Observables of super-extremal black holes: challenging Cosmic Censorship to comprehend the Cosmological Constant
Jenny Wagner

TL;DR
This paper explores the possibility that super-extremal charged black holes could be sources of dark energy, challenging the Cosmic Censorship conjecture and offering a new perspective on the Cosmological Constant through observational signatures.
Contribution
It proposes a novel hypothesis linking super-extremal black holes to dark energy and outlines observational strategies to identify such objects.
Findings
Super-extremal black holes may exist with weak observational signatures.
Sky surveys could detect candidates that challenge Cosmic Censorship.
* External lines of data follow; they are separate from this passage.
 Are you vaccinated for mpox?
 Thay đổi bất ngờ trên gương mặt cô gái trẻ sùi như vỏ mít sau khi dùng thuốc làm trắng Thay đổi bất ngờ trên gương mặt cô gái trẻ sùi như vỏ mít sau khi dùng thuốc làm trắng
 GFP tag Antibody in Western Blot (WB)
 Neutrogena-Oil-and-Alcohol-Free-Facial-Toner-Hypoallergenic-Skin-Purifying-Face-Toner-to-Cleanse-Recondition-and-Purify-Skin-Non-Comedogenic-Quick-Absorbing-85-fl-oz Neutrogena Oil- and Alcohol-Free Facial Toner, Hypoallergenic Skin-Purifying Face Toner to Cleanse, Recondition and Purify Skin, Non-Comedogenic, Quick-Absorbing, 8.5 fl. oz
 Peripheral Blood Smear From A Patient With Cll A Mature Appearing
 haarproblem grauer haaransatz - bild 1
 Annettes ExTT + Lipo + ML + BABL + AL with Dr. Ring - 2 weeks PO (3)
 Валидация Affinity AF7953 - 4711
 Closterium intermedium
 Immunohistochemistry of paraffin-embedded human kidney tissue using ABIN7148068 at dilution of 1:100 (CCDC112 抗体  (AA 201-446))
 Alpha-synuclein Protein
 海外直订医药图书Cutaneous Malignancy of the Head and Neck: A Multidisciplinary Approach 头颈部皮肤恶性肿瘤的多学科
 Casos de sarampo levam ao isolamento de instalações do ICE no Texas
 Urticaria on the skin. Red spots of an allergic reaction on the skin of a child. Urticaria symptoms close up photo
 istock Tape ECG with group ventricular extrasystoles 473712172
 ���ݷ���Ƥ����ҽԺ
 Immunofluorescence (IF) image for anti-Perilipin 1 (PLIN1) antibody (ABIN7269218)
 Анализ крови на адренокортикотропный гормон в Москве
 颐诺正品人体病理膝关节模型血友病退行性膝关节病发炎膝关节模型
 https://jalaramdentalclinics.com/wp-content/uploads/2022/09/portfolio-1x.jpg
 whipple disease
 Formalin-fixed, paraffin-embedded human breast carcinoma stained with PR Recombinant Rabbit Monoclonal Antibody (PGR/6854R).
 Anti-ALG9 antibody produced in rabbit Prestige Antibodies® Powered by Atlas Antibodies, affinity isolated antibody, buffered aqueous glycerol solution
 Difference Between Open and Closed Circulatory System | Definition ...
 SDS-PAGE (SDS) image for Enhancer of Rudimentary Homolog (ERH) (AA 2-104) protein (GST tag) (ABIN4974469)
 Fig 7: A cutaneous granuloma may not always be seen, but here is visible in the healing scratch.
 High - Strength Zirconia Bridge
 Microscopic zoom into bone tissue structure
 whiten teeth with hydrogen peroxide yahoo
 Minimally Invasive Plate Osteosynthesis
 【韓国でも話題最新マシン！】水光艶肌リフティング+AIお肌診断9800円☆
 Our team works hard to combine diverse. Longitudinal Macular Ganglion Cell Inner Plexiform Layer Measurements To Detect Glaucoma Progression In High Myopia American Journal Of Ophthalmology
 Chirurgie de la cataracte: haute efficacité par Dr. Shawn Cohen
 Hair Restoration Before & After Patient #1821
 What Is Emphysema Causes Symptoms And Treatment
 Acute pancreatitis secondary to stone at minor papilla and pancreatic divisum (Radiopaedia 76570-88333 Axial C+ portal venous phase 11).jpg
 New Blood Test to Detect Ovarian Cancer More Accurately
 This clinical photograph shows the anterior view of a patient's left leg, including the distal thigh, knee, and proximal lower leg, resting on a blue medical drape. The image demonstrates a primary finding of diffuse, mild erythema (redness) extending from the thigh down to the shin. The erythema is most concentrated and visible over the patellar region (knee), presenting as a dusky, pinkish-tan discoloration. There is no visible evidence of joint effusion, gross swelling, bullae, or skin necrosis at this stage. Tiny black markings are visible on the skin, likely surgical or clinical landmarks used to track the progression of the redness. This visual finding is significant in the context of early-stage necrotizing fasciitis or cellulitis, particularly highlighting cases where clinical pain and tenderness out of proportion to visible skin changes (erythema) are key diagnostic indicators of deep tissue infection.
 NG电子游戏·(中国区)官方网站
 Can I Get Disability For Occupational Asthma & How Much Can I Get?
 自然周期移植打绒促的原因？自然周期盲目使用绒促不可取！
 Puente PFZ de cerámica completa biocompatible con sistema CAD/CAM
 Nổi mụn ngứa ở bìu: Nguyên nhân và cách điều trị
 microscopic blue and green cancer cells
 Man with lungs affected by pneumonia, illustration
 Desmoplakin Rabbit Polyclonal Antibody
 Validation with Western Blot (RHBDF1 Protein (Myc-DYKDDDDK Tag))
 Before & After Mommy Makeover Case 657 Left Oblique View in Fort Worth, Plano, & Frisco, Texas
These objects might explain the physical origin of the Cosmological Constant.
Abstract
Einstein's Field Equations have proven applicable across many scales, from black holes to cosmology. Even the mysterious Cosmological Constant found a physical interpretation in the so-called ``dark energy'' causing the accelerated cosmic expansion as inferred from multiple observables. Yet, we still lack a material source for this dark fluid. Probing the local universe to find it yields complementary information to the one from the cosmic microwave background. Could dark energy be sourced by super-extremal charged black holes? Contrary to intuition, such objects could exist with only weak observational signatures. The latter are introduced here to outline how sky surveys can identify individual candidates which challenge Cosmic Censorship on the one hand but may explain the physical origin of the Cosmological Constant on the other.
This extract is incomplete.